Somehow in my newbie confusion I lost my NVIDIA-INSTALLER directory. I didn’t delete it, so I don’t why its gone or what was in there. Can somebody please post ./installer.sh?

I’m trying to follow this quick start:

I would have been nice if NVIDIA shipped everything ready to go, not a whole bunch of instructions which are overwhelming for a newbie.

The interesting thing about that installer directory is that it is just a non-modified L4T R19.2 “Driver Package”. Of that entire package, only the unpacking of the nVidia-specific files occurs, which does not even need the installer (and in fact the flash executable can only run on x86_64…that portion of the installer directory would require copy to a desktop Linux to work). So essentially you have an unmodified Ubuntu 14.04LTS and the nVidia-files are unpacked over it. Had you manually flashed R19.2, but skipped the apply_binaries.sh script, you would have a stock JTK1 prior to installing those nVidia files.

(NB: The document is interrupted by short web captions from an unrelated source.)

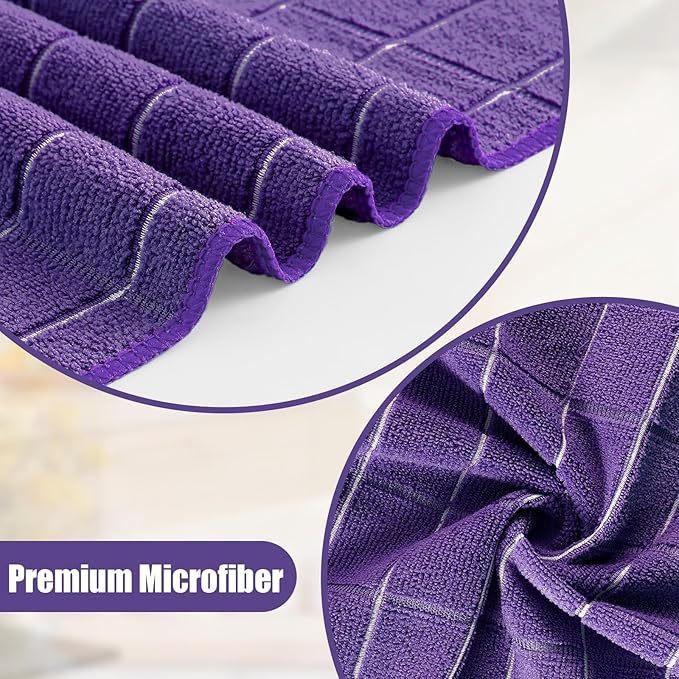 Homaxy Microfiber Kitchen Towels and Dishcloths Set, 16 Pack Soft and Absorbent - Image 2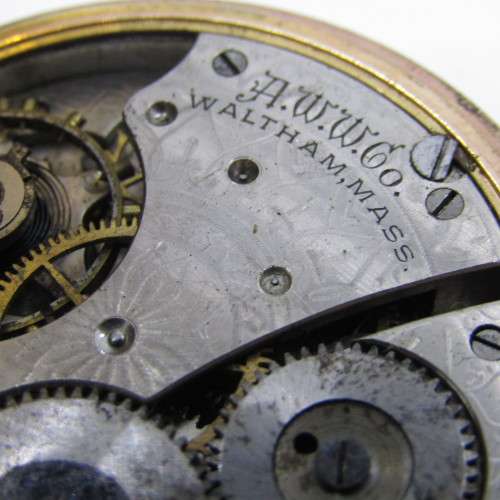 Antique Waltham pocket watch - not working - no crown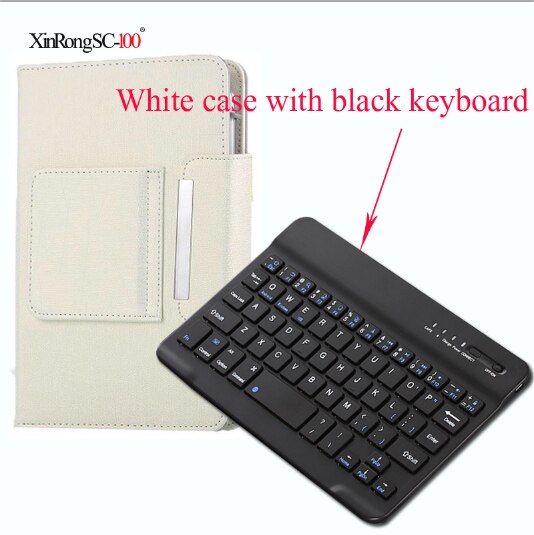 Til huawei mediapad  t3 10 ags -w09 ags -l09 honor play pad 9.6 tommer tablet aftagelig trådløst bluetooth tastatur pu cover cover: 1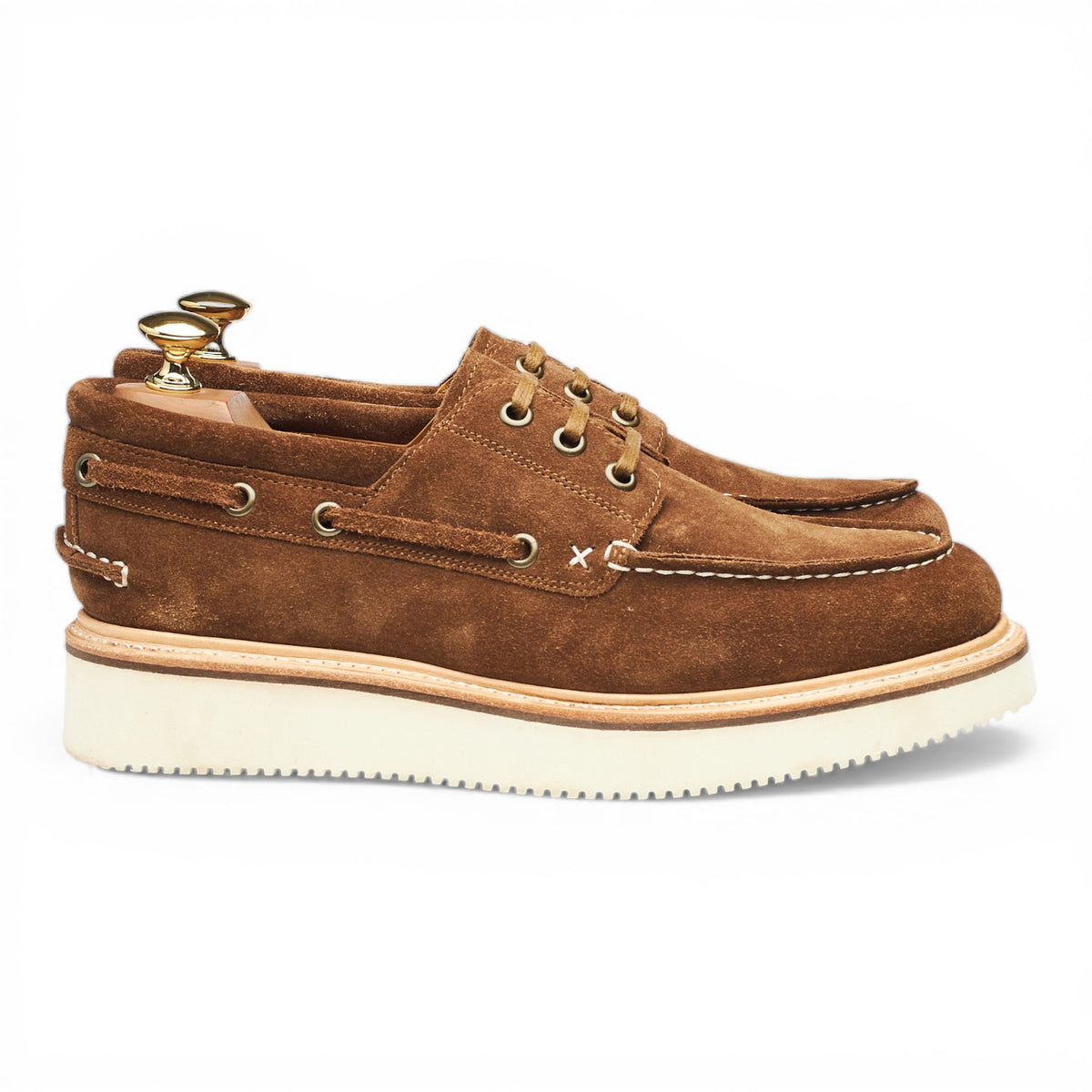 'Rockland' Snuff Brown Suede Boat Shoes UK 7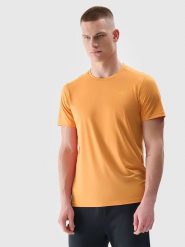 4F Koszulka sportowa w kolorze pomarańczowym rozmiar: L. Pomarańczowe t-shirty sportowe 4F, bez wzorów, z materiału, bez ramiączek, outdoorowe. Za 53.04 zł.
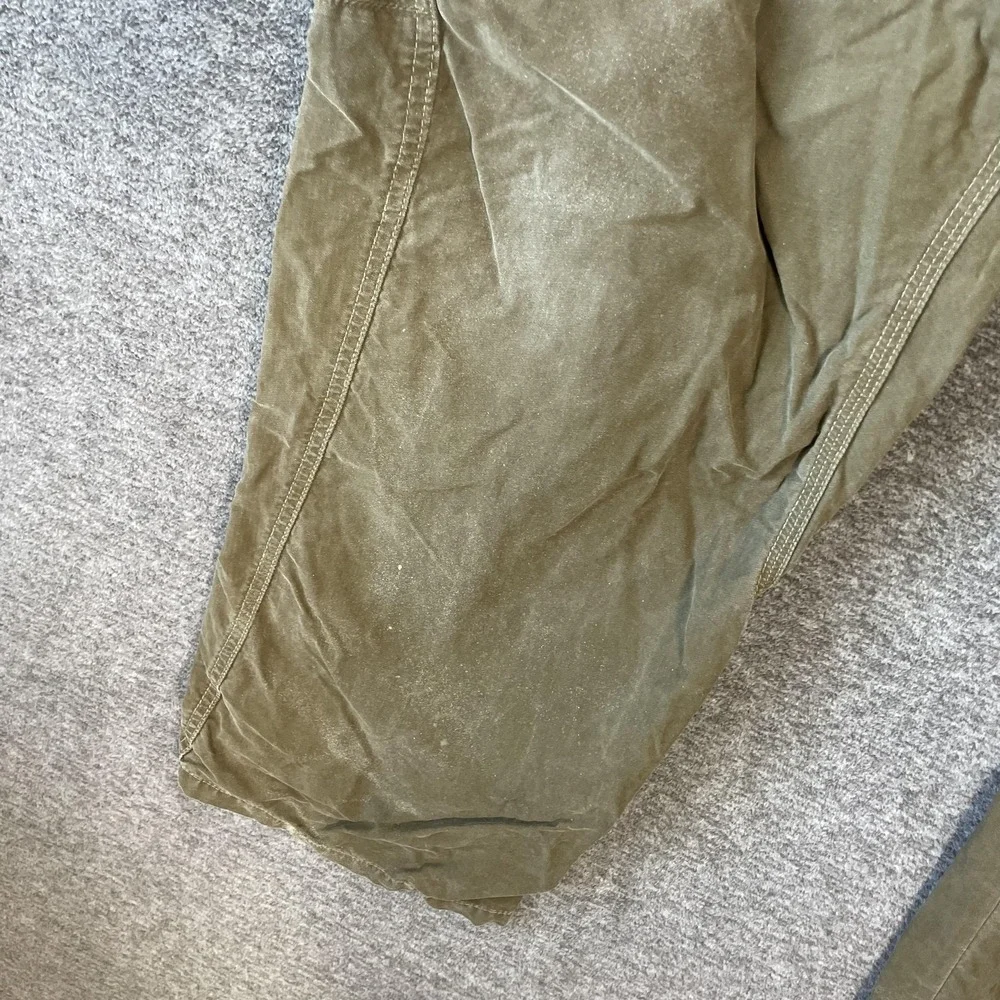 Kuhl Outrage‎ Pants Mens 38x32 Green Relaxed Cargo Hiking Workwear Patina Dye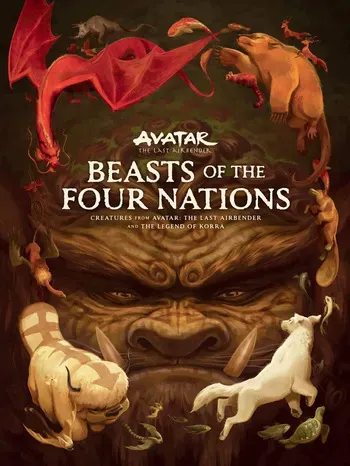 Beasts of the Four Nations - Creatures from Avatar - The Last Airbender and The Legend of Korra manga cover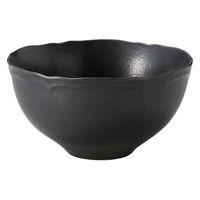 ミヤザキ食器 ボウル 13cm 梨花 磁器 ブラック 413986 1個（直送品）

If you flash R21.4 instead you’d be ahead of the game. Although there may be changes to the R21.4 sample rootfs, you should be able to use the same nVidia-specific files from R21.4 on your existing R19.2 (though I would strongly suggest just flashing R21.4). This URL has the R21.4 L4T:
https://developer.nvidia.com/linux-tegra-r214

If you unpack that on your x86_64 host, you’ll see a Linux_for_Tegra directory, and within this the subdirectory “nv_tegra”. What you would essentially be doing for the shortcut is to copy the nv_tegra files “config.tbz2”, “nvidia_drivers.tbz2”, and “nv_tools.tbz2” to the “/” directory of your Jetson (using sudo because it all requires root permissions). From that “/” directory:

# "sudo -s" gives you a root shell till done.
sudo -s
bunzip2 < config.tbz2 | tar xv
bunzip2 < nvidia_drivers.tbz2 | tar xv
bunzip2 < nv_tools.tbz2 | tar xv
# now exit the root shell.
exit

If you really want to stick to the R19.x then you can download the same driver package for R19.3 (which was much better than R19.2, and R19.2 is not available):
https://developer.nvidia.com/linux-tegra-rel-19

Ok, thanks so much. I forged ahead, and eventually it worked.